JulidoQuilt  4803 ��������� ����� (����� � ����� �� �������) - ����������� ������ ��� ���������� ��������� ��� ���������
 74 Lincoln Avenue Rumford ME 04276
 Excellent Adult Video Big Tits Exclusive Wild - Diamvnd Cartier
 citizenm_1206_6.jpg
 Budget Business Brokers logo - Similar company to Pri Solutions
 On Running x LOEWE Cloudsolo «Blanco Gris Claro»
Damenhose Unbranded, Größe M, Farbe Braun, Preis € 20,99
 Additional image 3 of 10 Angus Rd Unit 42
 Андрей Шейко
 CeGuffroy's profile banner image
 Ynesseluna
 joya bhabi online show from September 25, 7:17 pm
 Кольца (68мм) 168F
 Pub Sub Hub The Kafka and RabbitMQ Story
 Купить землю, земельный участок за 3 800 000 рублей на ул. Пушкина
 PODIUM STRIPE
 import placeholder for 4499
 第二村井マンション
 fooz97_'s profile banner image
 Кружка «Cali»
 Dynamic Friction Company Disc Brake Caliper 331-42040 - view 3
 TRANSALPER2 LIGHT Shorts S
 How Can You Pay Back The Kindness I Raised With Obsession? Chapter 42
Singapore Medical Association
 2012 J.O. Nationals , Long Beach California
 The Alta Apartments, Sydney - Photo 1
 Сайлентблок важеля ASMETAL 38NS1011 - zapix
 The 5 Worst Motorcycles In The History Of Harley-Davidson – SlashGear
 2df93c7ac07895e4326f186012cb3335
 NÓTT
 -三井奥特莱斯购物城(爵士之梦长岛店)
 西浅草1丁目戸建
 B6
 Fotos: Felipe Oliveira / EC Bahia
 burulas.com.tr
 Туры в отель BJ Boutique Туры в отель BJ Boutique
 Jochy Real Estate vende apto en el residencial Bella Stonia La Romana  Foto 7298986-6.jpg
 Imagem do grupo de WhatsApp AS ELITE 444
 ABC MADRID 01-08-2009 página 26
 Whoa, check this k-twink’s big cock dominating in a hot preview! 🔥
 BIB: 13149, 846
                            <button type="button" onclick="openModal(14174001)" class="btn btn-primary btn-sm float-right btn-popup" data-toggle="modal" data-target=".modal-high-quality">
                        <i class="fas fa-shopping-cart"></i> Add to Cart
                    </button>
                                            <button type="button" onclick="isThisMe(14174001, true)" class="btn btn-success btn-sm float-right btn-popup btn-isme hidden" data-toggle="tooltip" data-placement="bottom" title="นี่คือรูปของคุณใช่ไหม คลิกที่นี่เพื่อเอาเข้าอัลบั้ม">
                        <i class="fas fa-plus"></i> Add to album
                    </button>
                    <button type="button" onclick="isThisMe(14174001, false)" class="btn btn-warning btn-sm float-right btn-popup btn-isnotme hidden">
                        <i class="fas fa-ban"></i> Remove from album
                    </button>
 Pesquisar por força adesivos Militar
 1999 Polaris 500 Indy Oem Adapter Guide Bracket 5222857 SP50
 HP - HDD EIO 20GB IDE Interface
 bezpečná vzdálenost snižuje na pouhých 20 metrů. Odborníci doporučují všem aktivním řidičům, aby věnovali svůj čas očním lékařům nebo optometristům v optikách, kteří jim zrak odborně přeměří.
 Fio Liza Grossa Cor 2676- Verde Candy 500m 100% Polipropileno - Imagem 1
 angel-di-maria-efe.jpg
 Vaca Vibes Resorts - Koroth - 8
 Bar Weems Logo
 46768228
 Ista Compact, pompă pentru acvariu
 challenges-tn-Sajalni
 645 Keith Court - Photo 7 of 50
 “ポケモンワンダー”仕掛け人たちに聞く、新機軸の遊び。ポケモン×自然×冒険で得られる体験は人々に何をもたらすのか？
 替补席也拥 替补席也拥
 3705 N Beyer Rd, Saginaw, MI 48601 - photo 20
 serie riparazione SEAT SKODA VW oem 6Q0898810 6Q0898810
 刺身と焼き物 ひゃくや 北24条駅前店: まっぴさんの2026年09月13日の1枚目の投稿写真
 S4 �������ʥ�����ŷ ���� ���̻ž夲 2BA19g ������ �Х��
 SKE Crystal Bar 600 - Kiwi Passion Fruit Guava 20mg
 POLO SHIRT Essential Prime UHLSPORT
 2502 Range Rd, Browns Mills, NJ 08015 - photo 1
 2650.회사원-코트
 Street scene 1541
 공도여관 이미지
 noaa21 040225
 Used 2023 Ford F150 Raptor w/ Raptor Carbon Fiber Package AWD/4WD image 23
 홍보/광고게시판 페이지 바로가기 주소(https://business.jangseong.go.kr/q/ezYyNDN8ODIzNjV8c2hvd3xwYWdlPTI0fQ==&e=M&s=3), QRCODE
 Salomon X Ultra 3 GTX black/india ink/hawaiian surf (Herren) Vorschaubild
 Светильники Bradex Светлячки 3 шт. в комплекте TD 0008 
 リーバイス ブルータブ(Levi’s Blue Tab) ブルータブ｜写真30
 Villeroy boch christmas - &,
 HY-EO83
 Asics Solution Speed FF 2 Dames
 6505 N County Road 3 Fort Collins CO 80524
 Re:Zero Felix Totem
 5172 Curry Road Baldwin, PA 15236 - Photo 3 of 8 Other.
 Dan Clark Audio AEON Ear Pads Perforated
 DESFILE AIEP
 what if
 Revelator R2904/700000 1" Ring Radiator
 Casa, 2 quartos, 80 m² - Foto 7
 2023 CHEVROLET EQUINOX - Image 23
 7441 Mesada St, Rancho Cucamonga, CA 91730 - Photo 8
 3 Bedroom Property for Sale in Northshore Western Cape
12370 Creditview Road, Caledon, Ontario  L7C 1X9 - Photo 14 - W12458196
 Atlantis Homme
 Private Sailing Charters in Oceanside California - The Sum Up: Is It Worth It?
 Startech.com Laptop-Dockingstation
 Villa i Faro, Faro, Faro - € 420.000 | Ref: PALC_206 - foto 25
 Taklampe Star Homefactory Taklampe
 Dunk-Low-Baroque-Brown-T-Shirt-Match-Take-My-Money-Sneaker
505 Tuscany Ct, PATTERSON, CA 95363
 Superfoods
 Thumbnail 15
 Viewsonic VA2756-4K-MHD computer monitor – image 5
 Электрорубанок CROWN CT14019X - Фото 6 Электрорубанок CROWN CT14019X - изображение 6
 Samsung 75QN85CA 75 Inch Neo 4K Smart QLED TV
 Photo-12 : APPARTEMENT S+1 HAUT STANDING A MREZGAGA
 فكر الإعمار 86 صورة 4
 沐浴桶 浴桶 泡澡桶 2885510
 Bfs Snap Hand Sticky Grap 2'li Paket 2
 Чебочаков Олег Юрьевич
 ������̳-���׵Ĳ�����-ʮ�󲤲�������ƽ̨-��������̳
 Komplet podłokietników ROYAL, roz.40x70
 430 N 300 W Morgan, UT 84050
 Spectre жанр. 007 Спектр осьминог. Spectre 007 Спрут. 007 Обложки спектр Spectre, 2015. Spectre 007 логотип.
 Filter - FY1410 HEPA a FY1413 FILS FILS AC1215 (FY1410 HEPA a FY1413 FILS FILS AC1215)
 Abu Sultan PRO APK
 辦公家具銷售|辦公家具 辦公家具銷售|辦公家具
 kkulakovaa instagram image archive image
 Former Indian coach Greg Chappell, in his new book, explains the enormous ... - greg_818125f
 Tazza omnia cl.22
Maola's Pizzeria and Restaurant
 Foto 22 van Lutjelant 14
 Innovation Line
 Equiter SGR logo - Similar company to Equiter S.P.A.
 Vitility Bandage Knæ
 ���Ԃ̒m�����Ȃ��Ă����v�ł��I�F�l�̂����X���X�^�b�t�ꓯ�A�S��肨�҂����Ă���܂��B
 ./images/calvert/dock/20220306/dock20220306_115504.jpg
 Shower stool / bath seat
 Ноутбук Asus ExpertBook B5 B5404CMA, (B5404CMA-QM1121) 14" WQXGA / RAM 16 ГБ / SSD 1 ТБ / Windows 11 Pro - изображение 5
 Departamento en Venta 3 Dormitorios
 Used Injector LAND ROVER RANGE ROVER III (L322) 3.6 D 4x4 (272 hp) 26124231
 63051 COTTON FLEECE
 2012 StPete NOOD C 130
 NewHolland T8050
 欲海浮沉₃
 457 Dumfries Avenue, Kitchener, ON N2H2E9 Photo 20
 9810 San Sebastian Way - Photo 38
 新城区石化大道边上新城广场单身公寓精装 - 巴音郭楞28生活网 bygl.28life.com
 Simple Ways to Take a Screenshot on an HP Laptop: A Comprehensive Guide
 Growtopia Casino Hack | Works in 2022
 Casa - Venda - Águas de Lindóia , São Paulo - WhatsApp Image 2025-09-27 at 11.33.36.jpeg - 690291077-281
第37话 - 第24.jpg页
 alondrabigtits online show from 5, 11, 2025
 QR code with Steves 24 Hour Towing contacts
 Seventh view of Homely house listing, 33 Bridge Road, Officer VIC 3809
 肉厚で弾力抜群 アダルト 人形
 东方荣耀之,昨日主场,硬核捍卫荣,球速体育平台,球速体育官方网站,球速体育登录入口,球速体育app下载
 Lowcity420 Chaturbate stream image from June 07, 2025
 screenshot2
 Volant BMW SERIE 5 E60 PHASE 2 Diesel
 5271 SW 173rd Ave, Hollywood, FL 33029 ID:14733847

#### Work task
Of all the lines above, tally those with the word "Take". Write the total only.

#### Task answer
2